Last updated: March 25, 2026
This Privacy Policy describes how Gagarin Capital Advisers LLC ("DVC," "we," "us," or "our") collects, uses, discloses, stores, and otherwise processes personal information in connection with the DVC Venture OS platform and any related applications, tools, and services (collectively, the "Platform").
This Privacy Policy applies to personal information we collect in connection with your access to or use of the Platform, including information collected directly from you, automatically through your use of the Platform, and from authorized third-party sources used to operate, secure, and improve the Platform.
We may collect the following categories of personal information:
(a) Account and profile information. Name, email address, organization, title or role, account status, permissions, and other information you provide when your account is created or managed.
(b) Authentication and security information. Hashed passwords, login events, session identifiers, magic link issuance and usage, multi-factor authentication data (if enabled), password reset activity, and other account security records.
(c) Platform activity and usage information. Information relating to how you use the Platform, including deal pipeline interactions, company research queries, portfolio updates, workflow activity, task activity, document access, feature usage, clicks, navigation patterns, and audit trail events.
(d) Device, connection, and technical information. IP address, browser type, operating system, device type, user agent, referring URLs, session timestamps, approximate geolocation inferred from IP, and similar technical and diagnostic information collected automatically for security, operations, and analytics purposes.
(e) Communications and support information. Messages, support requests, feedback, legal acknowledgments, and other communications you send to us or through the Platform.
(f) User-submitted content and business data. Information you upload, submit, input, query, or otherwise make available through the Platform, including names, company information, diligence notes, portfolio information, documents, prompts, and requests. Depending on the use case, such information may include personal information about founders, operators, investors, counterparties, or other individuals.

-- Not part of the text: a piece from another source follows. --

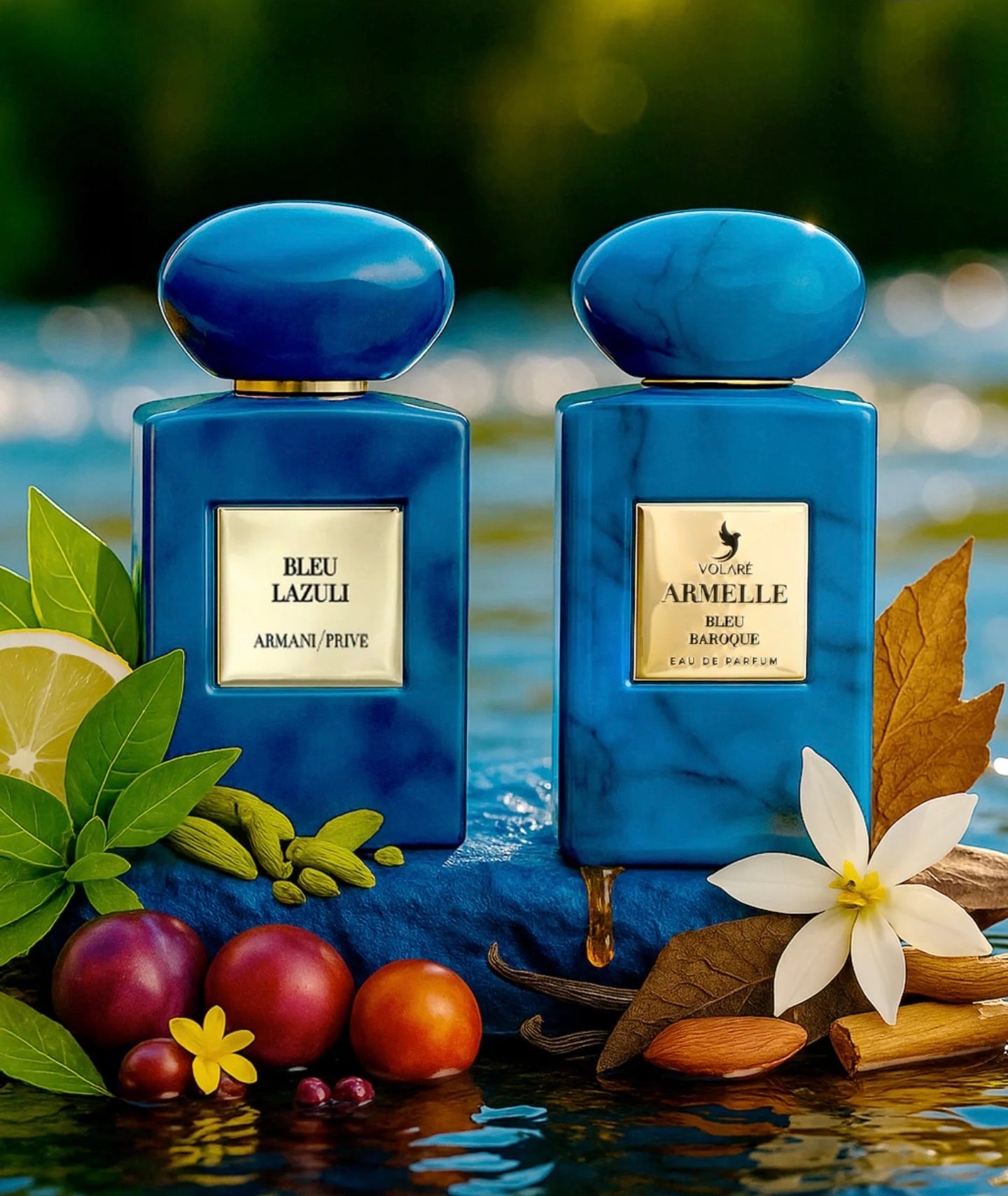 ARMELLE BLEU BAROQUE ( INSPIRATION BLEU LAZULI )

(g) Third-party source information. Information received from service providers, authentication providers, integrated tools, data vendors, AI providers, or other third parties authorized or used by DVC in connection with operation of the Platform.
We collect personal information from the following categories of sources: directly from you; automatically from your device or browser when you use the Platform; from DVC personnel or authorized administrators who provision or manage access; from third-party service providers, integrations, data vendors, and infrastructure providers that support the Platform; and from communications and transactions relating to your use of the Platform.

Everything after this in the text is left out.